JurnalPatroliNews – Jakarta — Ketua Tim Formatur Sekolah Rakyat, Mohammad Nuh, menegaskan bahwa pendirian Sekolah Rakyat merupakan langkah pencegahan jangka panjang terhadap kemiskinan struktural. Alih-alih menunggu hingga kemiskinan terjadi, program ini dirancang untuk memutus siklus kemiskinan dari akarnya.
“Selama ini kita baru bergerak setelah orang jatuh miskin. Lewat Sekolah Rakyat, kita berupaya mencegah anak-anak dari keluarga miskin agar tidak ikut terperosok dalam lingkaran kemiskinan,” ujar Nuh melalui keterangan resmi di Jakarta, Kamis.
Sekolah Rakyat dirancang sebagai sekolah gratis dengan kurikulum nasional yang diperkaya dengan penguatan karakter, nilai-nilai keagamaan, keterampilan hidup, serta fasilitas berbasis teknologi digital. Sistem asrama (boarding school) juga diterapkan guna meringankan beban ekonomi siswa dari aspek kebutuhan harian.
Persiapan terus dikebut, baik dari segi infrastruktur maupun tenaga pengajar. Seleksi kepala sekolah dan guru tengah dilakukan, sementara calon siswa disiapkan agar siap secara mental dan akademik untuk mengikuti pendidikan yang ditawarkan.

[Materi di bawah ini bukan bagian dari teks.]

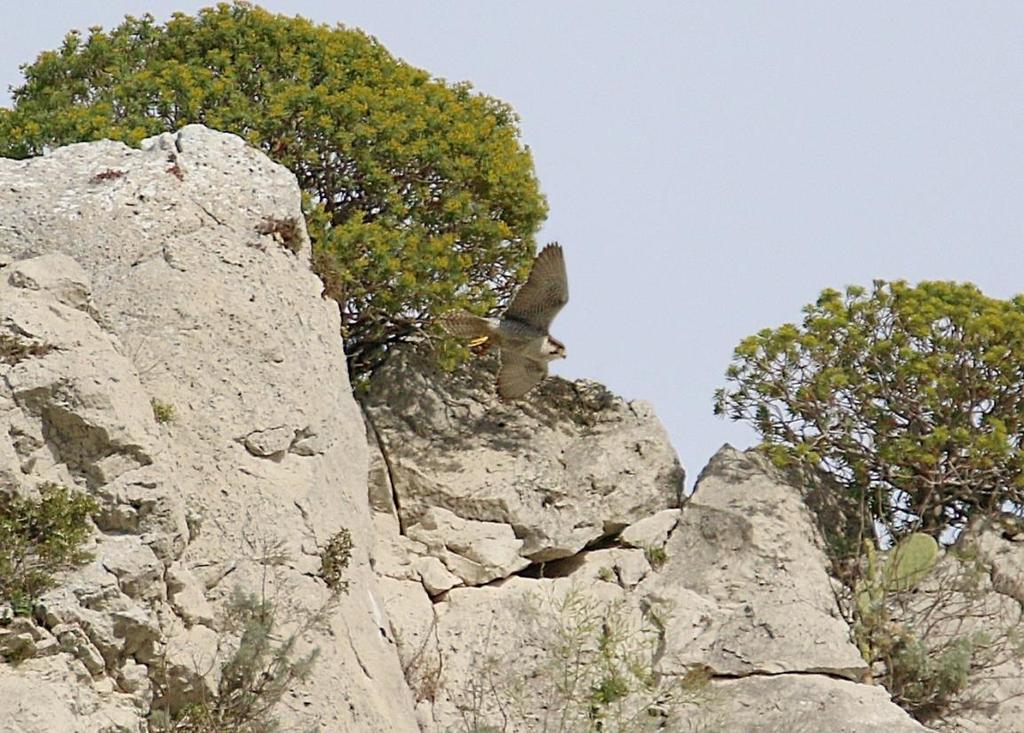 Che cosa è un censimento E un attività sul campo che ci permette di trovare dati e informazioni sulla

Pada kesempatan yang sama, Wakil Menteri Sosial Agus Jabo Priyono menambahkan bahwa program ini telah dirancang menyeluruh dari hulu ke hilir. Ia menjelaskan bahwa Sekolah Rakyat bukan sekadar solusi pendidikan, tetapi juga strategi sosial untuk mengangkat anak-anak dari keluarga miskin yang selama ini tersisih dari sistem pendidikan formal.

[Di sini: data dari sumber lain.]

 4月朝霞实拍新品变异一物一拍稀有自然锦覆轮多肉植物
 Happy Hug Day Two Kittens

Agus mengungkapkan bahwa pemerintah telah mengalokasikan anggaran sebesar Rp2,3 triliun untuk membangun 100 unit Sekolah Rakyat, yang ditargetkan mulai beroperasi pada bulan Juli mendatang.
Berbeda dari pendekatan reformasi pendidikan pada sekolah umum, Sekolah Rakyat dikembangkan sebagai solusi yang menjawab hambatan akses, pembiayaan personal, serta ketimpangan geografis yang kerap menyulitkan anak-anak dari kalangan rentan untuk mengakses pendidikan berkualitas.
Namun, tak semua pihak menyambut program ini tanpa catatan. Pengamat pendidikan Darmaningtyas menyoroti dua isu krusial: potensi tumpang tindih kewenangan antara Kementerian Sosial dan kementerian pendidikan lainnya, serta kekhawatiran akan munculnya segregasi sosial akibat model sekolah khusus bagi siswa miskin.
Menanggapi hal tersebut, Mohammad Nuh menegaskan bahwa Sekolah Rakyat tidak dirancang untuk menciptakan eksklusivitas. Ia menyebut contoh SMA Unggulan milik CT Arsa Foundation yang berhasil mendidik siswa kurang mampu menjadi lulusan berprestasi.
“Kita akan pastikan anak-anak Sekolah Rakyat tetap berinteraksi dengan lingkungan luar, agar tidak terkurung dalam sistem yang tertutup. Justru mereka harus siap bersaing di ruang publik,” pungkas Nuh.
Program ini menjadi harapan baru dalam upaya membangun pendidikan yang merata dan inklusif, serta menjadi bagian dari strategi besar untuk mengentaskan kemiskinan secara berkelanjutan.